Mayor de Blasio acknowledged Monday night that funding issues might derail plans for the Brooklyn Queens Connector, his waterfront streetcar project known as the BQX.

The $2.5 billion project was first unveiled at the mayor’s 2016 State of the City address and was heralded as transit infrastructure that would pay for itself by capturing rising property values. But de Blasio conceded that the project wasn’t a certainty after a damning internal memo, published by Politico on Friday, outlined several complications with the streetcar’s financing.

“We believe this is a vision that can work and can work on time,” de Blasio said during an appearance on NY1’s Road to City Hall, hosted by Errol Louis. “But if it turns out, Errol, that upon further analysis we think there’s a funding gap, I’m going to be very open about that and that’s going to beg the question, how should we proceed? And we’ll cross that bridge when we get to it.”

The project faces four challenges, according to the memo, which was written by the “BQX Project Team” and sent to Deputy Mayor Alicia Glen this February. A primary concern in the cost of relocating the underground utilities to build streetcar tracks. There’s a possibility that the streetcar’s financing model, known as “value capture,” won’t “provide sufficient revenue to fund the project,” the memo says.

As conceived, the BQX would chug through a 16-mile corridor along the waterfront of Brooklyn and Queens, from Sunset Park to Astoria. Critics have questioned nearly every element of the project — from its resiliency in what are flood-prone areas of the city, to whether a streetcar would actually operate more efficiently than a bus route with dedicated bus lanes.

The seven-page memo gives de Blasio a game plan to abandon the project: move slow and look for an alternative transit option for the area.

The mayor said he believed the memo was a draft. Even though he asserted that he had not read the memo, de Blasio added that it “was far from the complete analysis” to come.

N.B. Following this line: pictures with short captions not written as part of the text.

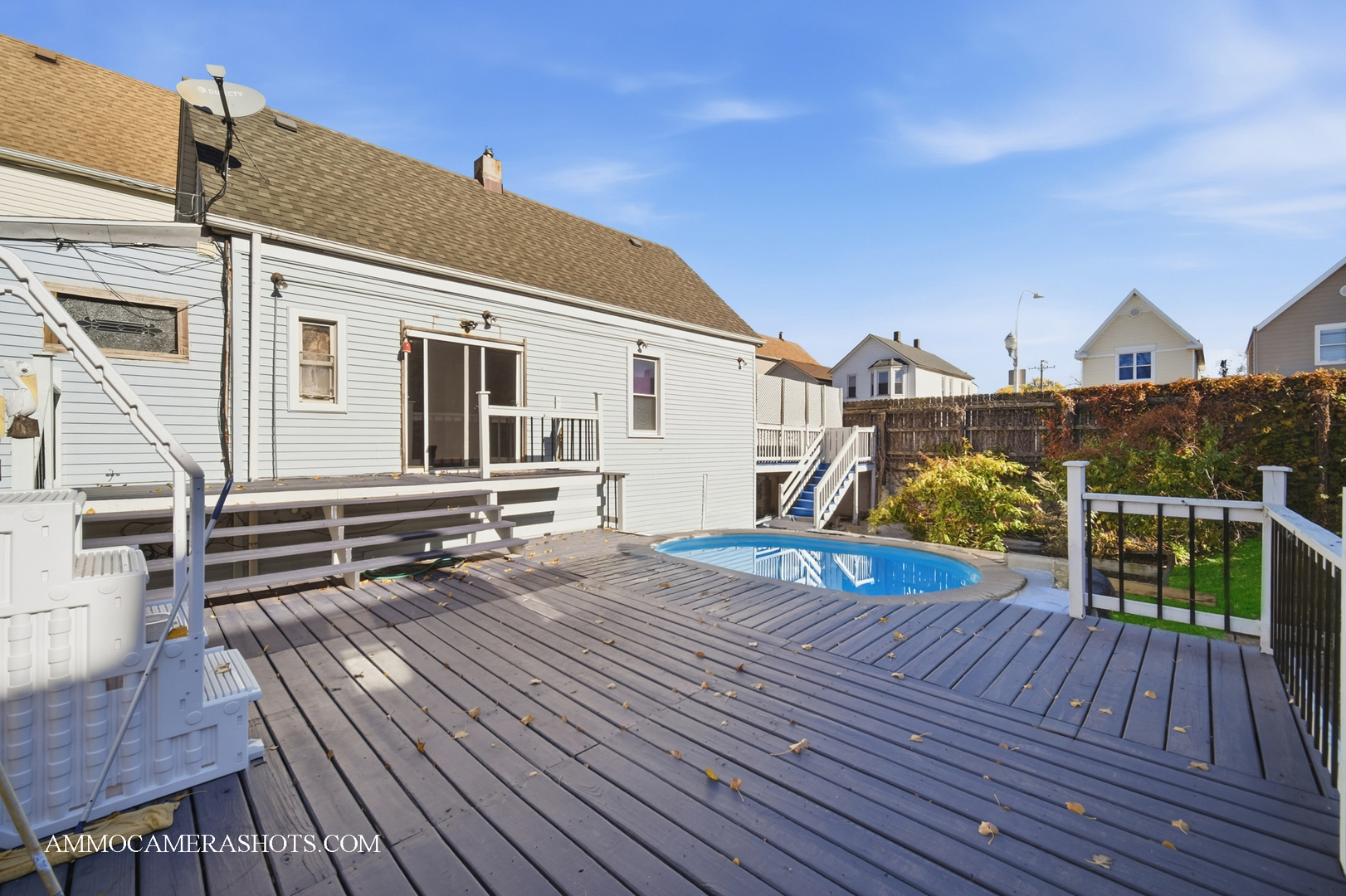 9018 S Brandon Avenue, Chicago, IL 60617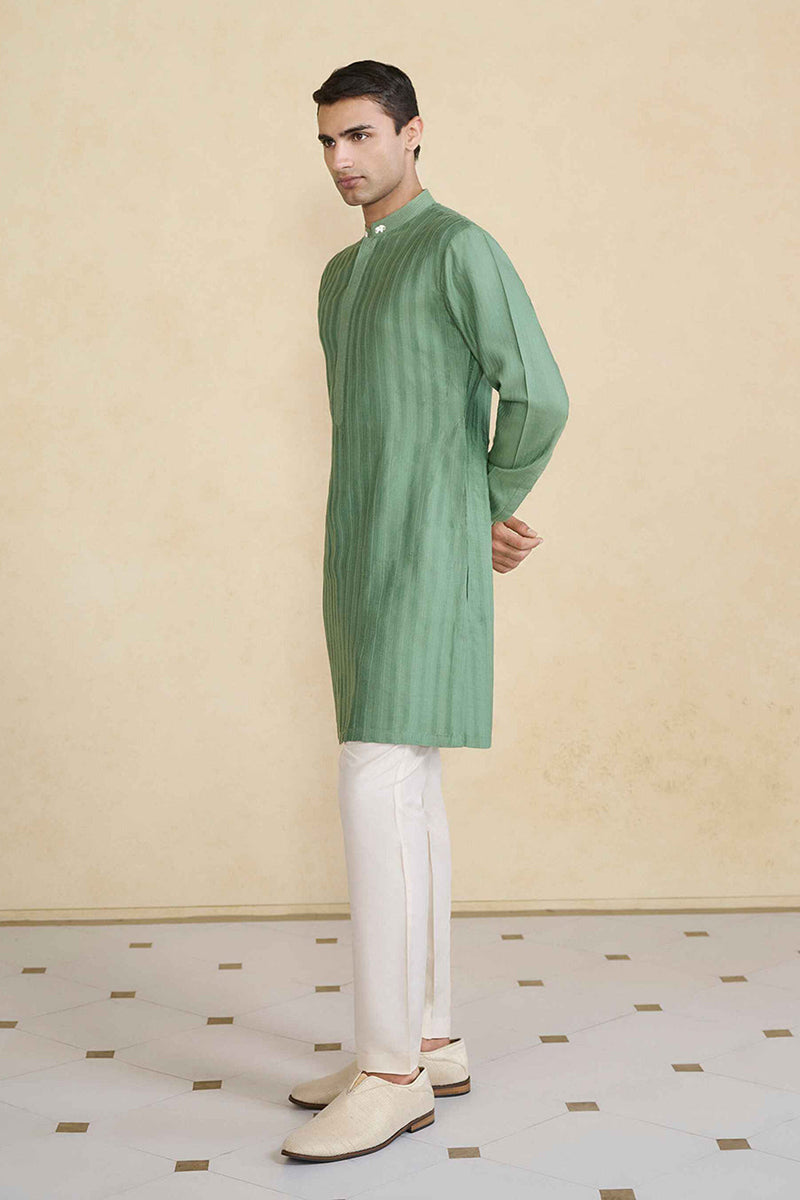 Daeven Embroidered Silk Kurta - Green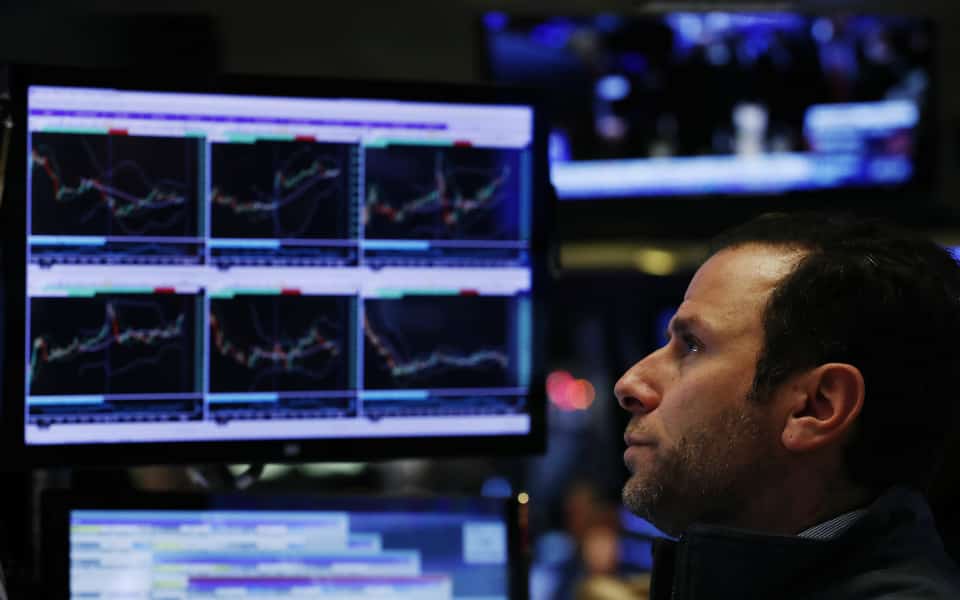 Bolsa nacional acompanha ganhos ligeiros da Europa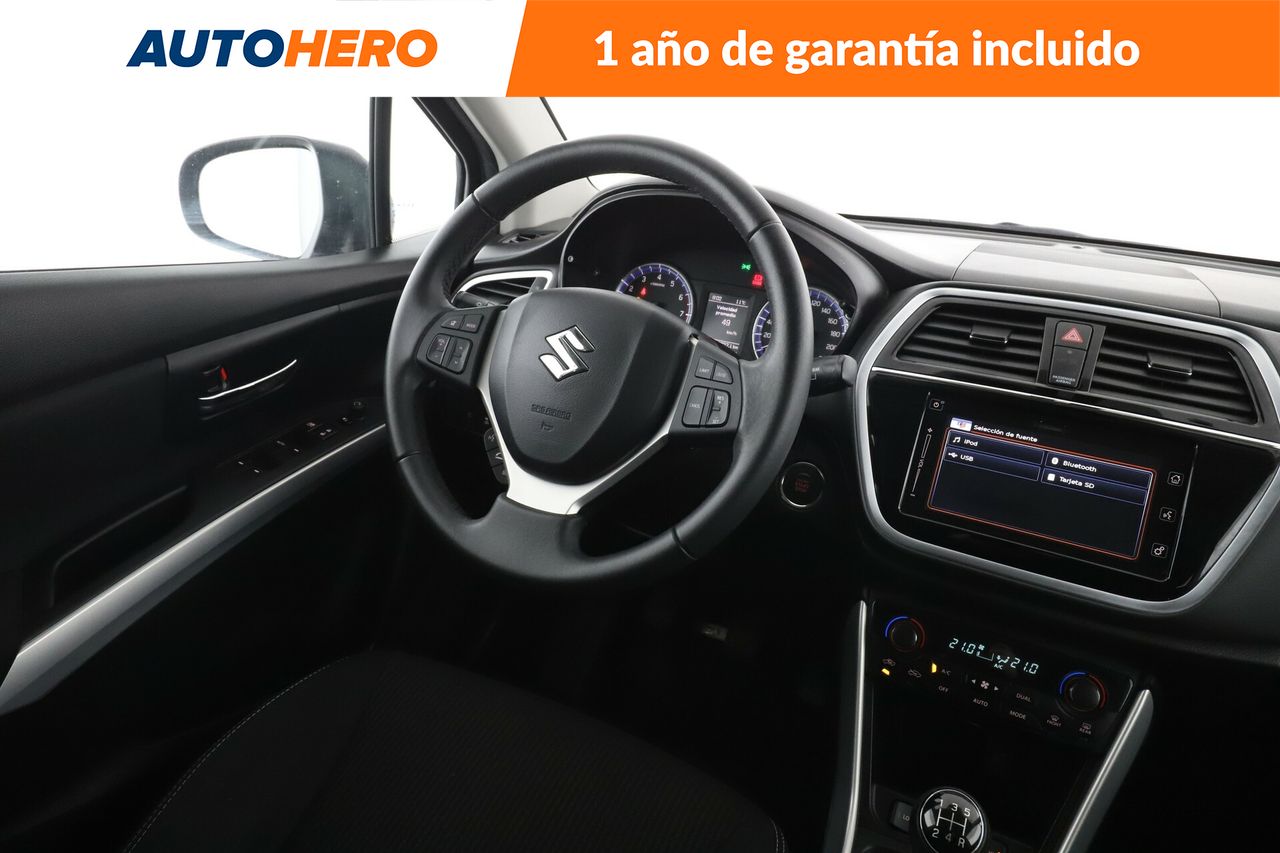 Foto Suzuki SX4 S-Cross 14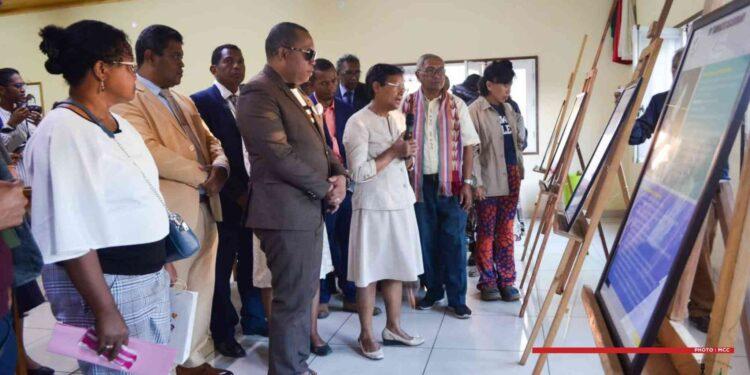 LITTÉRATURE – La salle d&rsquo;exposition principale du « Trano sary » Ambohidahy baptisée Clarisse Ratsifandrihamanana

“We said from the beginning we have to confirm the theory that, like the number 7 train extension to the West Side of Manhattan, that that increase in property taxes … the recipes we got on property taxes could cover the cost — because, again, this would be funded solely within the city, not via the MTA,” de Blasio continued. “That analysis was a point in time, it’s far from the complete analysis. I believe in the end we’re going to find that the original vision does work and we’re going to move forward on the existing timetable.”